* [TASK INPUTS]
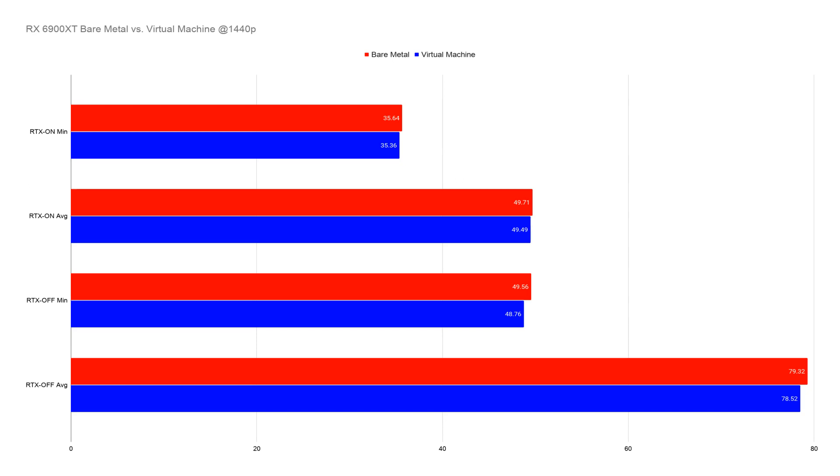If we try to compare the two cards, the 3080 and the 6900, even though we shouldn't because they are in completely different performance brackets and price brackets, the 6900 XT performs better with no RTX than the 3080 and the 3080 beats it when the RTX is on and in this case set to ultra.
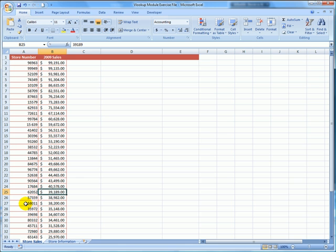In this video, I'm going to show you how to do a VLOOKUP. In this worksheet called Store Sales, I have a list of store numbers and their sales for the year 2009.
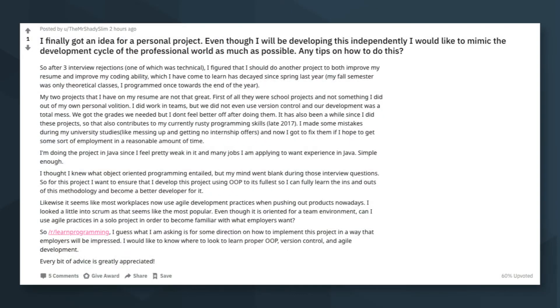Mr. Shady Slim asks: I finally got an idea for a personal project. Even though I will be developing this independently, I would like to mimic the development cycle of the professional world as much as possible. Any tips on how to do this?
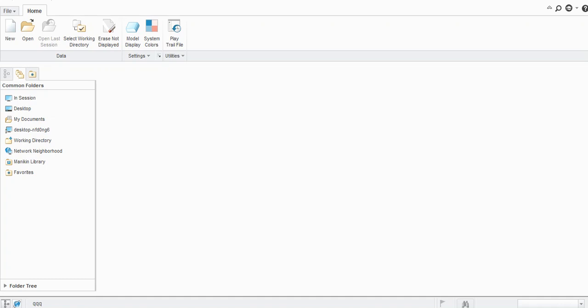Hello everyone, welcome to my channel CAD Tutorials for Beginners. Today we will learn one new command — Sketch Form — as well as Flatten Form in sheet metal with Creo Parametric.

...

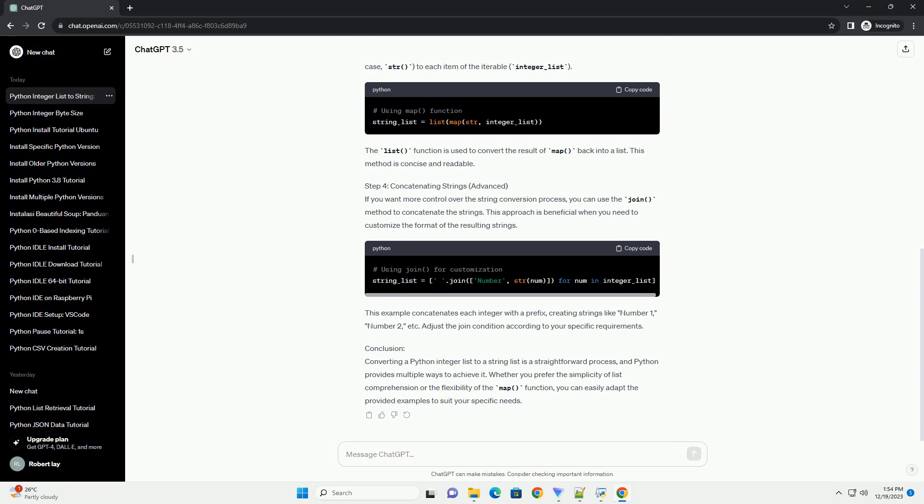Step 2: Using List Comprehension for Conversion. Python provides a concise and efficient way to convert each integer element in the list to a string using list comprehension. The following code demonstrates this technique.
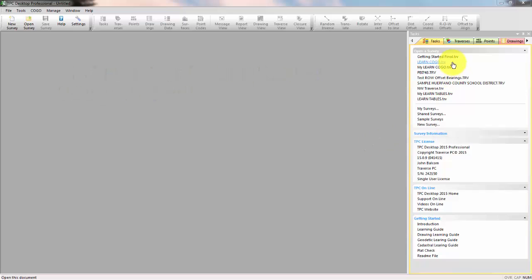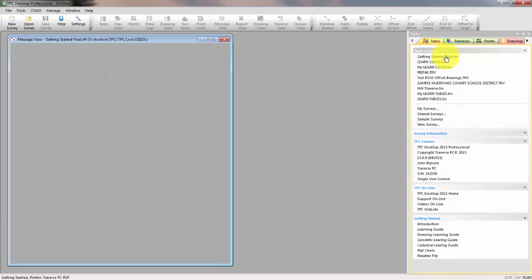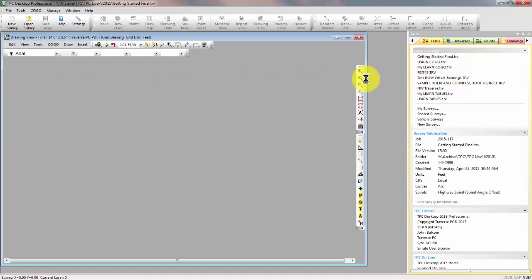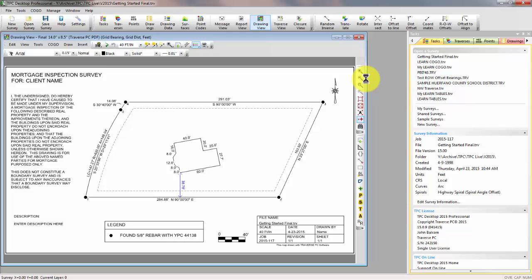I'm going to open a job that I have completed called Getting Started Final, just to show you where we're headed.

* [PROBLEM DESCRIPTION]
Set down, exactly as written above, each line from the one with "If we try to" through the one with "Hello everyone, welcome", and skip the pictures.

* [ANSWER SPACE]
If we try to compare the two cards, the 3080 and the 6900, even though we shouldn't because they are in completely different performance brackets and price brackets, the 6900 XT performs better with no RTX than the 3080 and the 3080 beats it when the RTX is on and in this case set to ultra.
In this video, I'm going to show you how to do a VLOOKUP. In this worksheet called Store Sales, I have a list of store numbers and their sales for the year 2009.
Mr. Shady Slim asks: I finally got an idea for a personal project. Even though I will be developing this independently, I would like to mimic the development cycle of the professional world as much as possible. Any tips on how to do this?
Hello everyone, welcome to my channel CAD Tutorials for Beginners. Today we will learn one new command — Sketch Form — as well as Flatten Form in sheet metal with Creo Parametric.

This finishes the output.